**Records for the task:**

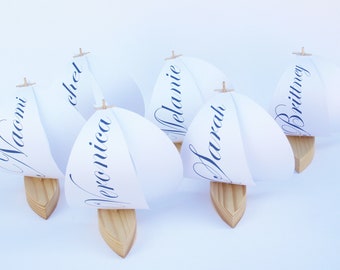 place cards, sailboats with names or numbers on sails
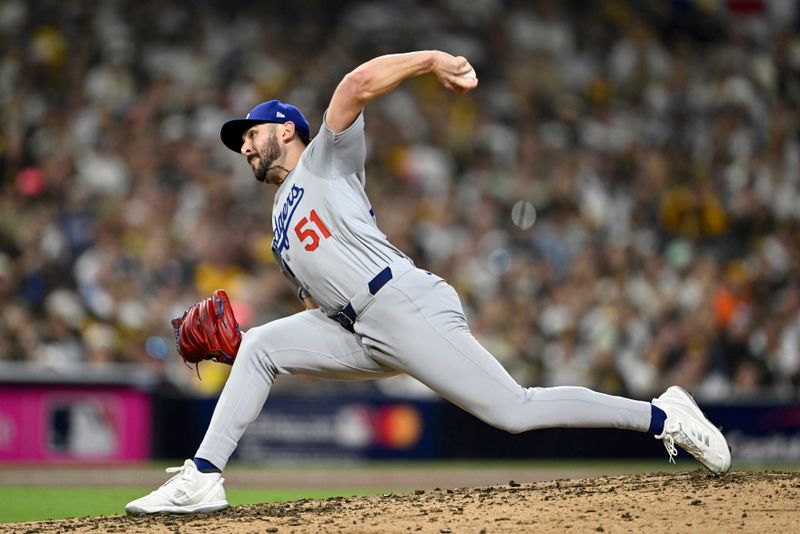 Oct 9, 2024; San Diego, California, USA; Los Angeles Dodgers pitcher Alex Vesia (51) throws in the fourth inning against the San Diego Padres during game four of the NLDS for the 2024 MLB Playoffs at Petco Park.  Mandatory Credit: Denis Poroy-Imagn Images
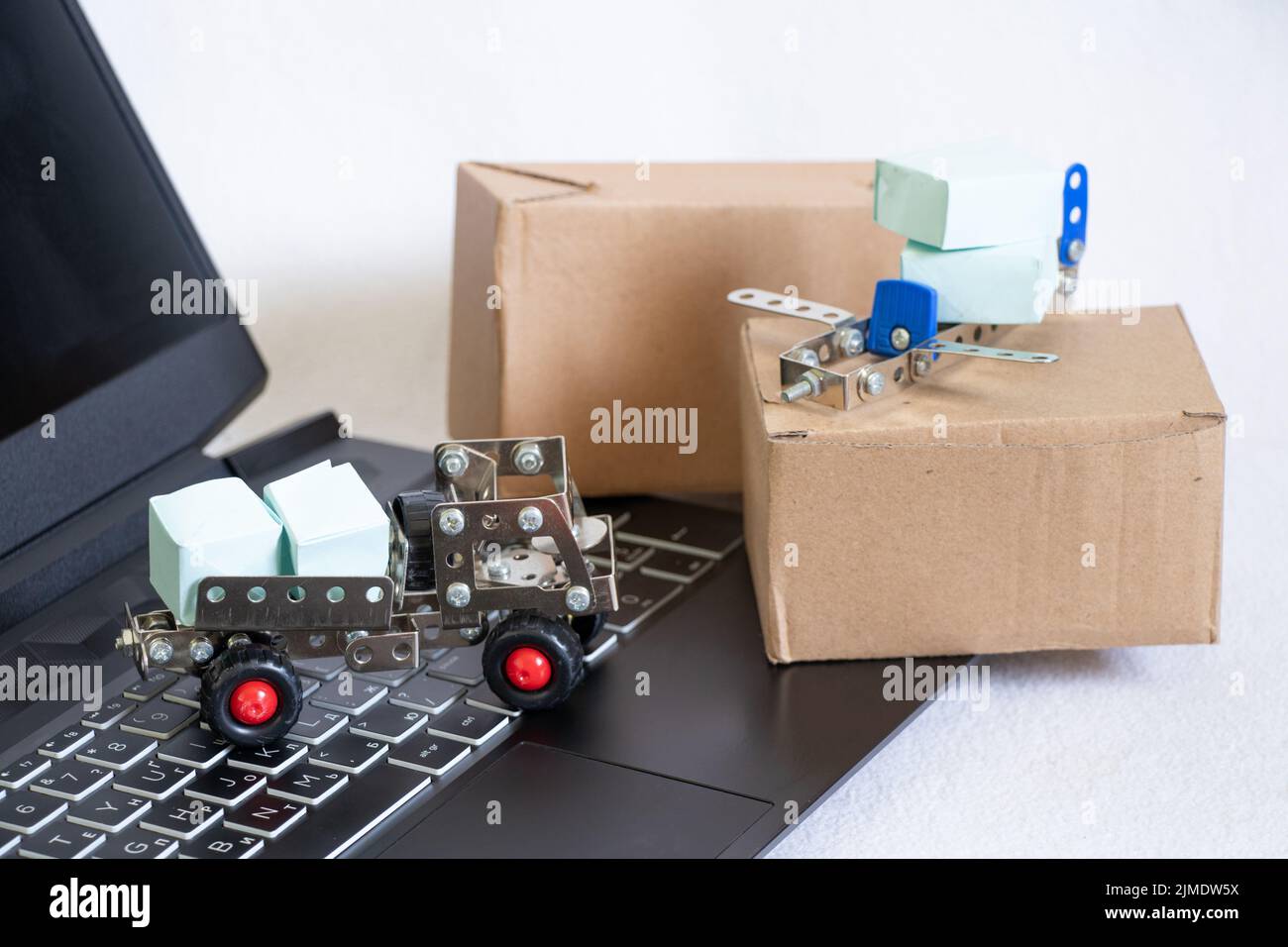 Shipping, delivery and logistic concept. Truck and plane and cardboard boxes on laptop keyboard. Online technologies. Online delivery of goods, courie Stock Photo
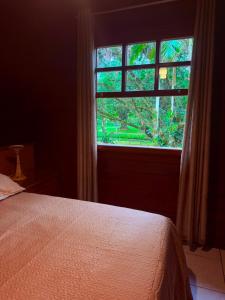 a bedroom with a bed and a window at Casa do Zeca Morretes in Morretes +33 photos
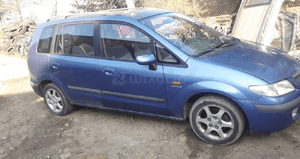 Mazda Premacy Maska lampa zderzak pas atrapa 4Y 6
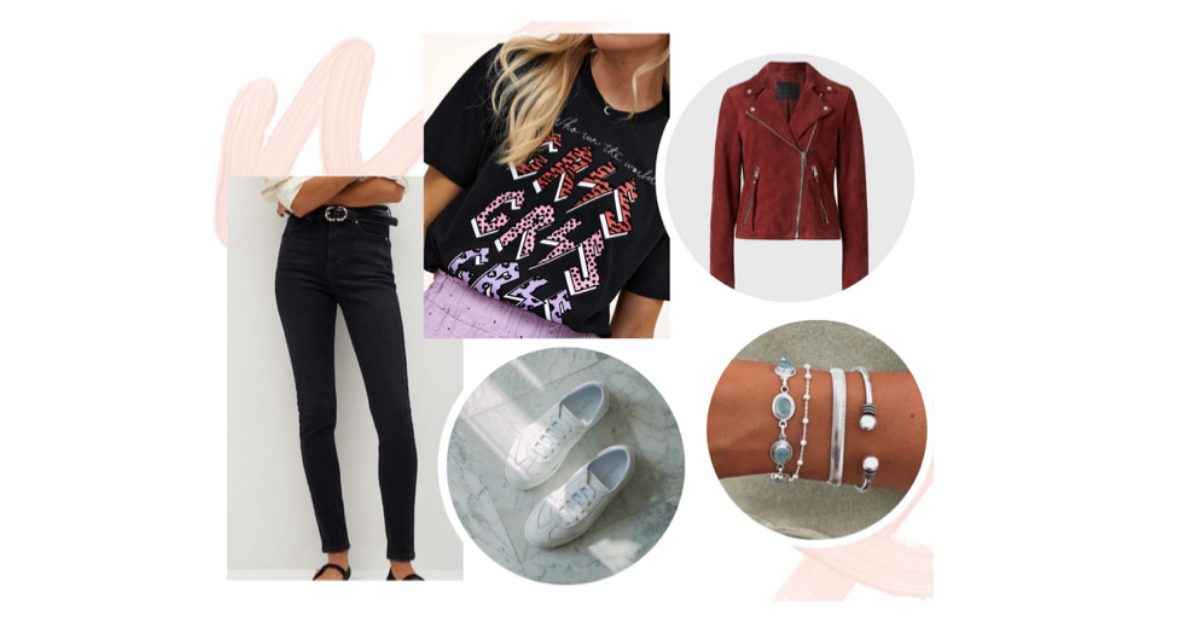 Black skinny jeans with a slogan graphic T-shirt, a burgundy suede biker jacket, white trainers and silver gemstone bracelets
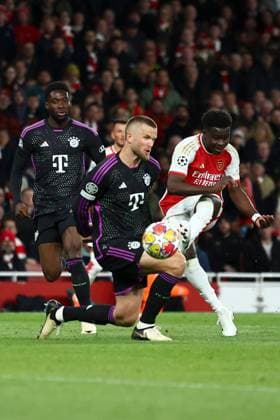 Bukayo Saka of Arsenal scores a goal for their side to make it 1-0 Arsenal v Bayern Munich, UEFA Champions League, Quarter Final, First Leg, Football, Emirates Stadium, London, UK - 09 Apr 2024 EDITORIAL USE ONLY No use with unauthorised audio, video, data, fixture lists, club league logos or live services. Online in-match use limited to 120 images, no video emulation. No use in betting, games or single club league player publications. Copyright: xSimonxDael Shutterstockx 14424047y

--

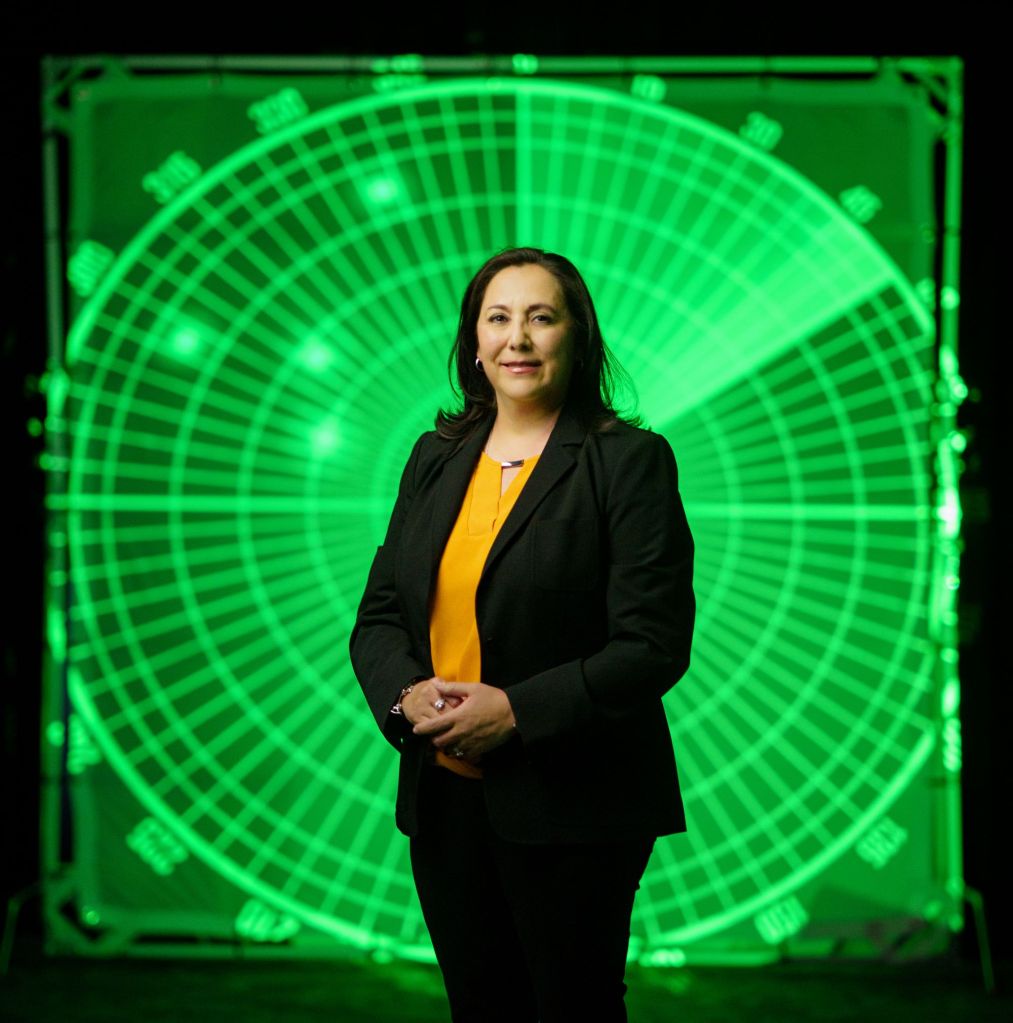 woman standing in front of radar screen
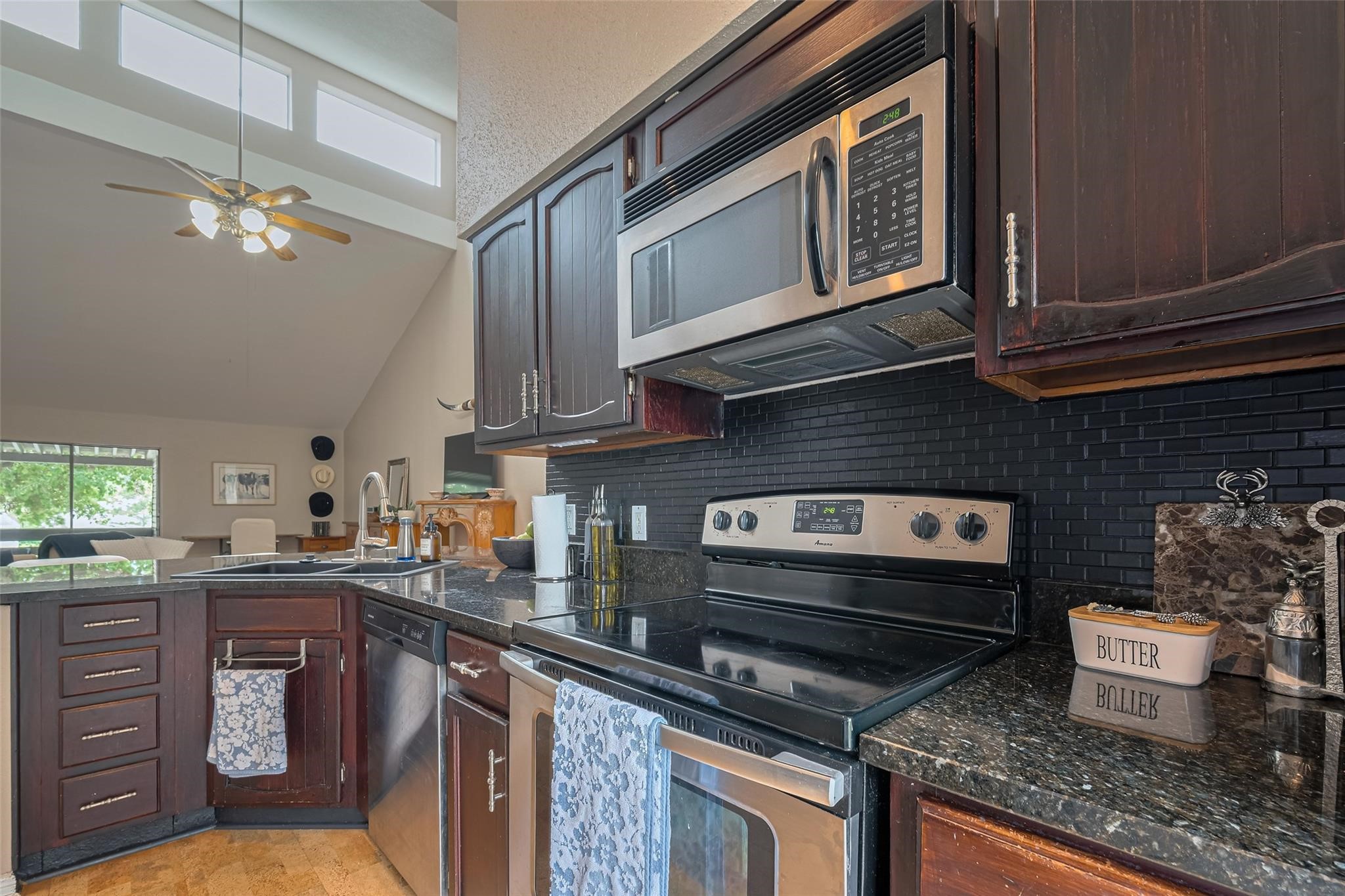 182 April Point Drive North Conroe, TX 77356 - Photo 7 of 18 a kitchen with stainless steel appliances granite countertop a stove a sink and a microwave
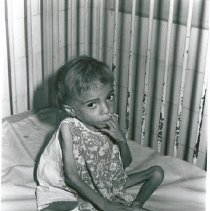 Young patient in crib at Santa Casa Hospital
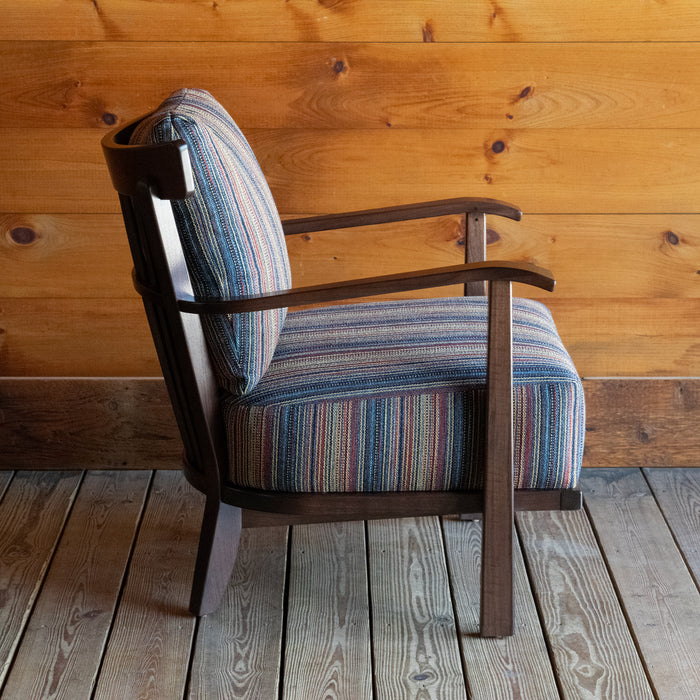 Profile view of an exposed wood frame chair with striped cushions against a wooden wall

* * *

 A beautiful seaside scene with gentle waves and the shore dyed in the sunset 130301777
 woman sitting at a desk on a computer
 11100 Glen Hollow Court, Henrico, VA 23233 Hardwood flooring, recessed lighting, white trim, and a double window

**Assigned task:** Would you restate, exactly and with no pictures, the lines of the entries above from the one containing "182 April Point" through the one containing "Profile view of"?

**Response to this task:**
 182 April Point Drive North Conroe, TX 77356 - Photo 7 of 18 a kitchen with stainless steel appliances granite countertop a stove a sink and a microwave
 Young patient in crib at Santa Casa Hospital
 Profile view of an exposed wood frame chair with striped cushions against a wooden wall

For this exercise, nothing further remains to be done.